Now Rose is visiting them, after (another surprise) not having seen each other for nearly 40 years. If they haven’t grown apart in that time, it’s because they were never fond of one another to begin with. There is palpable hostility
“If you’re not going to grow, don’t live,” the fastidious Hazel says several times to the still-adventurous Rose, and if we think at first this is one old lady talking philosophically about aging with her long-time friend, it slowly becomes clear that Hazel, consciously or subconsciously, means this literally; she wishes Rose dead. Rose far more consciously wishes Hazel dead too.

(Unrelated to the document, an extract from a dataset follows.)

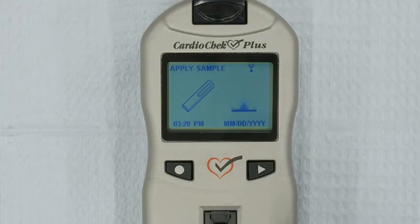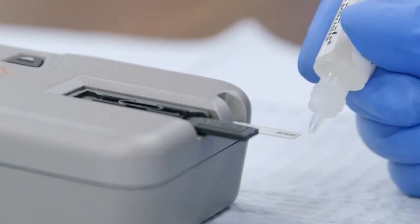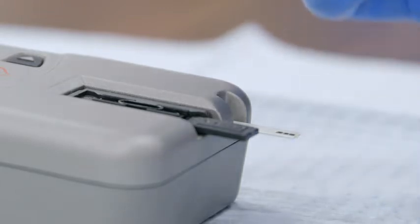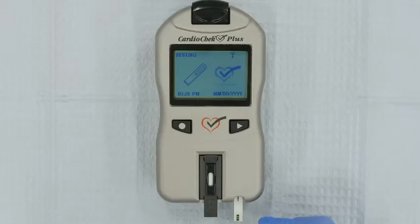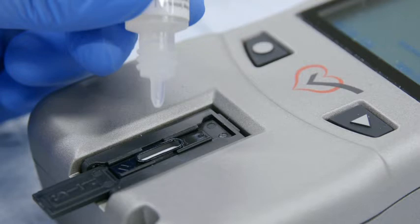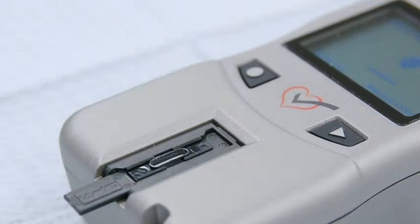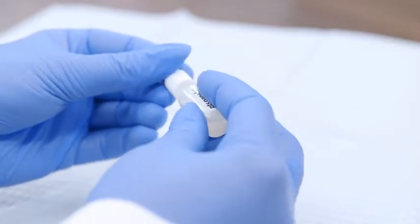Start by inverting the level one control vial four to six times to mix the solution. Then remove the cap, turn the vial upside down, and hold the tip of the vial directly in front of the tip of the eGlue test strip. Do not touch the vial to the strip. Carefully squeeze the vial to deliver one drop of control solution to the tip of the electrochemical test strip. Next, apply solution to the lipid panel test strip. Turn the level one control vial upside down and hover the tip directly above the test strip blood application window. Do not touch the test strip with the vial. Carefully squeeze the vial to deliver two drops of control solution to the blood application window. Replace the cap on the vial of control solution.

Their resentments are tied up with another surprise revealed in stages – Hazel and Rose haven’t seen each other for decades, but Rose and Hazel’s husband Robin were lovers before Robin got married….and afterwards too…as recently as a few years ago.
Rose has come for a purpose – but it’s not what you (or the two other characters of the play) may initially suspect.
“The Children” seems designed to keep us at a distance – Miriam Buether’s set is placed within a box that’s placed upon the stage, as if in a picture frame. Perhaps this is a metaphor for the characters’ increasingly constricted lives. The title is yet another metaphor; there are no actual children in the play. But under the direction of James Macdonald, the three veteran British actors bring credible characters to life. It helps too that much of the squabbling and banter is amusing. They even let loose to James Brown at one point.
But now and then, they speak lines that sound like anthems for a generation that needs to wake up, such as when Rose says:
“I think I’ve grown up a lot. Because I understand, I do understand now, that for the world not to…completely fall apart, that we can’t have everything we want just because we want it.”
Despite Hazel’s admonition to grow or die, Rose has in fact grown. But that doesn’t mean she won’t die.
The Children
Written by Lucy Kirkwood; Directed by James Macdonald
Scenic and costumes design by Miriam Buether; Lighting and projection design by Peter Mumford; Sound design by Max Pappenheim; Wig design by Carole Hancock
Cast Francesca Annis, Ron Cook and Deborah Findlay
Running time: one hour and 50 minutes, with no intermission.
Tickets: $60 to $149
The Children is scheduled to run through February 4, 2018
I think they did the audience a disservice by not having an intermission, because as you mentioned, some people may not have been paying enuf attention. I overheard one woman remark that she had no idea they were nuclear scientist even tho it’s mentioned several times by different characters. With a break, confused folks could have chatted up their friends and been brought back into the story. Plus 90 min is about avg. for plays without intermission, and this show is just 10 min (Barely) short of 2 hrs. Good acting, but why fly this project that reeks of “Off-Bdwy” themes all the way across the pond I’ll never know. Tsunamis and earthquakes don’t impress Bdwy audiences unless U SHOW IT onstage. Thanks for noting some of the more prescient dialogue.